Coaching and Refining Each Space
When I Actually Use AI at this scale, most of my effort goes into coaching each Space until its outputs match my taste. I might spend hours iterating one niche Space, tightening the instructions, refining examples, and correcting bad tendencies until it finally “gets” the format I want. Once that work is done, the payoff is huge: my hyper‑literal assistant now produces consistent, on‑brand results in minutes instead of me rewriting everything from scratch. This is how I Actually Use AI as a force multiplier, by treating Spaces as trainable specialists, not magic buttons that somehow know what I mean.
Real Workflow: From Book to Viral Video
When I Actually Use AI for book promotion, I treat it like a production line, not a magic trick. I start by dropping the full book manuscript into a dedicated Perplexity Space that’s purpose‑built for viral video scripts. That Space is preloaded with my timing rules, character notes, and the emotional beats I want every promo to hit. Instead of saying “write me something cool,” I Actually Use AI to follow a framework the model can’t misinterpret.

Once the book is ingested, I Actually Use AI to generate a tight 10–15 second script that captures the hook, stakes, and flavor of the story. The Space knows it must reference the title, hint at the premise, and avoid spoilers while staying punchy. I review the script like a creative director, tweaking lines, tightening pacing, and making sure the vibe fits my audience. Then I Actually Use AI again by handing that refined script off to a video tool such as Sora for visuals.

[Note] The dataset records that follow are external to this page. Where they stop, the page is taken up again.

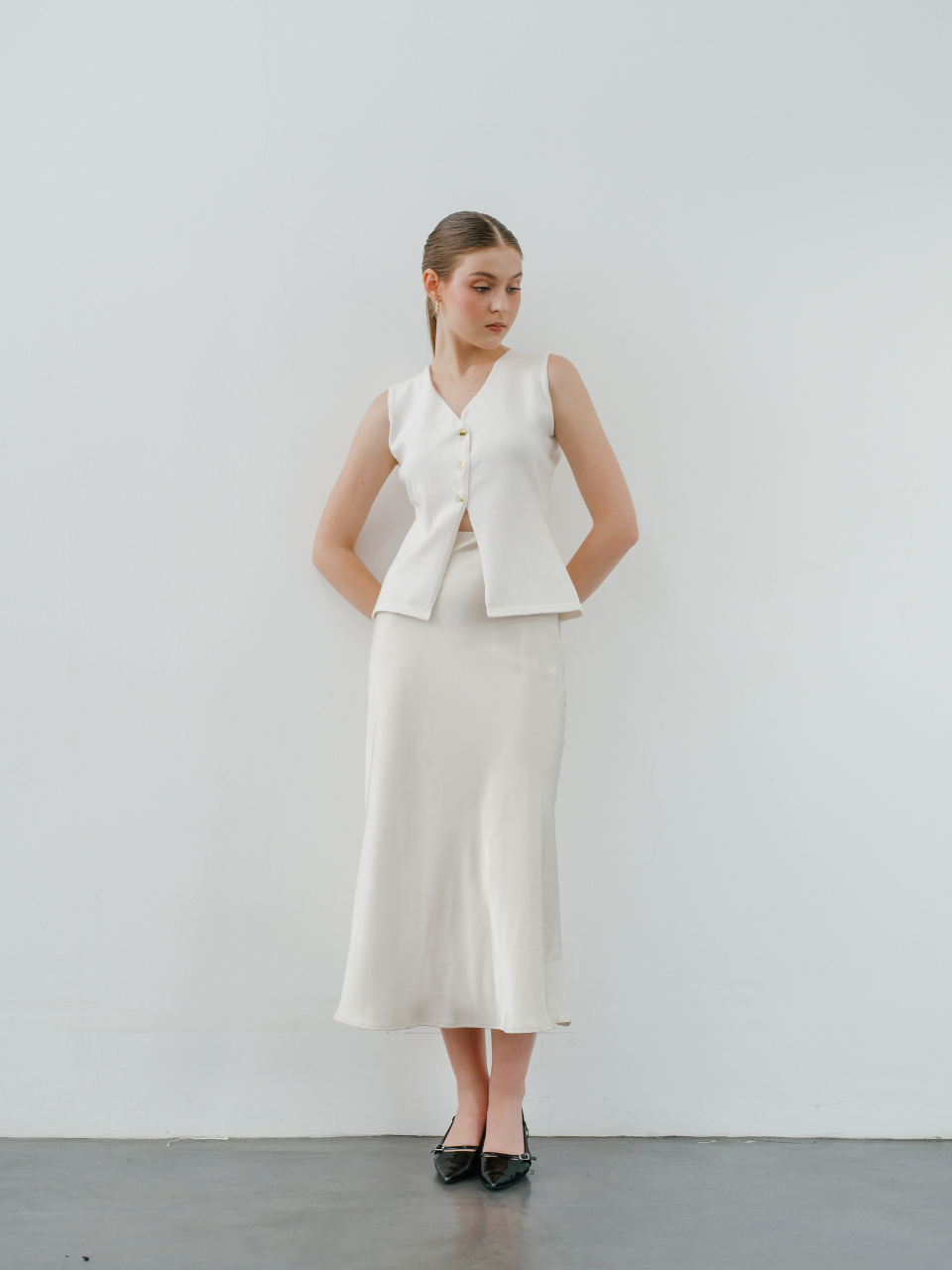 Nat Knit Button Waistcoat Vest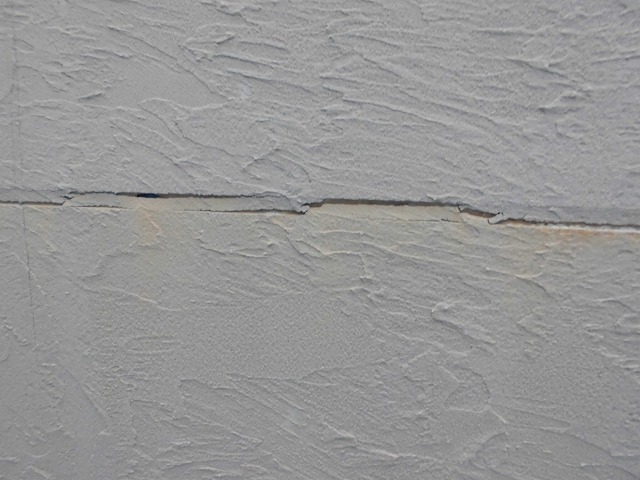 シーリング材が充填された横目地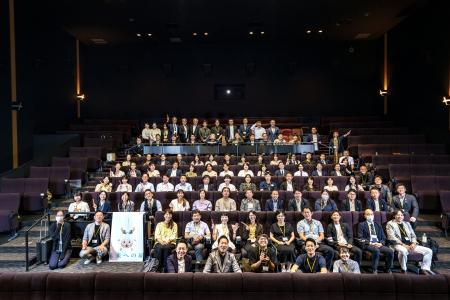 全社員が映画館に集結！年に一度の伝統行事「全体会議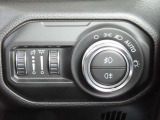 【ライト類操作スイッチ】リヤフォグが装備されています!霧や雨など視界が悪い時に後続車に自車の存在をアピールし安全を確保します!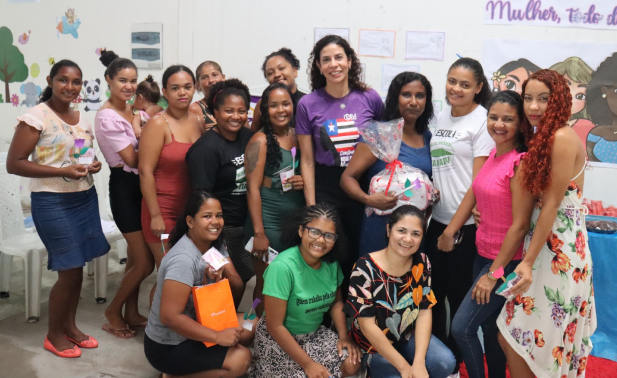 CEO da Ela Faz, Lívia Viana, ao centro, rodeada por onze mulheres de comunidade de São Luís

Why This Beats “AI, Make It Viral”
Most people claim they Actually Use AI by asking for “viral ideas” and hoping the machine guesses their taste. I do the opposite: I lock in structure, constraints, and reference material first, then Actually Use AI to move faster inside those guardrails. That shift turns a task that once cost thousands of dollars and days of work into a repeatable, 10‑minute workflow. The human still makes the final creative calls, but I Actually Use AI to handle the heavy lifting between idea and finished promo.
Clean Prompts, Clear Frameworks, Better Results
When you Actually Use AI well, everything starts with clarity: clear goals, clear constraints, and clear references. Vague commands like “write me a bestseller” only prove that the human never defined success in the first place. Instead, you Actually Use AI by spelling out what good looks like, what to avoid, and which sources to trust. That upfront thinking feels slower at first, but it prevents hours of frustration and bland, generic output later.
The next layer is framework-building, because professionals Actually Use AI through repeatable systems, not one-off “magic prompts.” You design Spaces, checklists, and role definitions once, then let your OCD assistant execute inside those guardrails. Every iteration becomes sharper because the framework remembers what worked, while you only refine the edges. Over time, you Actually Use AI as an amplifier for your judgment, not as a replacement for it.
If you want better results, stop asking whether AI is smart and start asking how clearly you Actually Use AI.